Figure 23. NMR of two coupled nuclei with \(\delta\) *= 1.2 and 1.3 ppm and J = 10 Hz on 100 and 400 MHz spectrometers.*

One last thing to examine is the actual shape of the resonance for the example above that would appear in the spectrum recorded on a 100 MHz instrument. In Figure 23a, the resonance appears to look like a 1:3:3:1 quartet. In fact, the resonance would not look like that but would show an additional distortion that might further complicate interpretation of the spectrum. The distortion results because coupled systems are no longer independent of each other and the coupled nuclei may distort the populations of their different energy levels. The degree of distortion depends on the magnitude of the difference in their chemical shifts relative to the magnitude of the difference in their coupling constants. If the two coupled resonances are well separated in the spectrum, minimal to no distortion occurs. If they are close together, much greater distortion occurs.

An example of this distortion is most easily illustrated for two protons that split each other into doublets. In Figure 24, the two doublets have a coupling constant of 10 Hz and the different spectra correspond to frequencies of absorption that decrease by 10 Hz each going from Figure 24a to 24e. In Figure 24a, the two resonances have the largest difference in chemical shifts and both peaks look almost like regular doublets. As the chemical shifts become closer (Figure 24b-e), note the increasing distortion that occurs.
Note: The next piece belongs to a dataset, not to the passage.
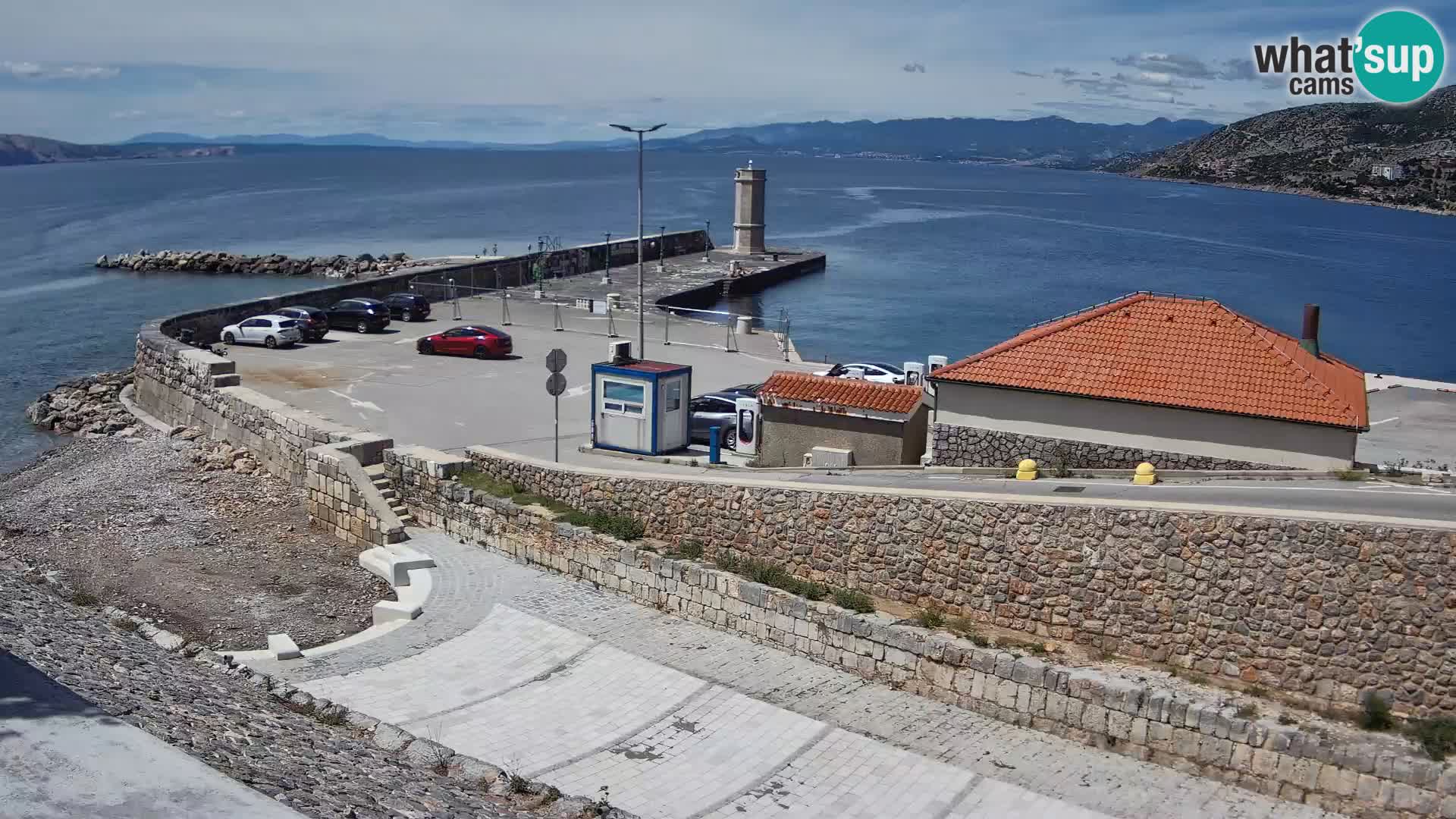 Webcam port de Senj – Vue sur la jetée et le phare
This is often referred to as “leaning”; resonances “lean” toward other resonances they are coupled to. Remember, the equal intensity of both peaks in a doublet occurred because of the 50:50 probability of the “with” and “against” alignment, so the distortion represents an alteration of these populations within the coupled system. In some of the spectra (Figure 24a-b), the leaning is relatively mild such that one might recognize that it involves two coupled doublets. However, when the chemical shifts get very close (Figure 24d-e), the distortion is so great that interpretation is more difficult. For example, the spectrum in Figure 24d might easily get confused as a 1:3:3:1 quartet. If two coupled protons have identical chemical shifts, then no coupling is observed in the spectrum and the peaks would appear as a singlet.

Figure 24. Shape of two coupled doublets showing the distortion of the resonances that occurs as the difference in chemical shifts between the resonances becomes smaller.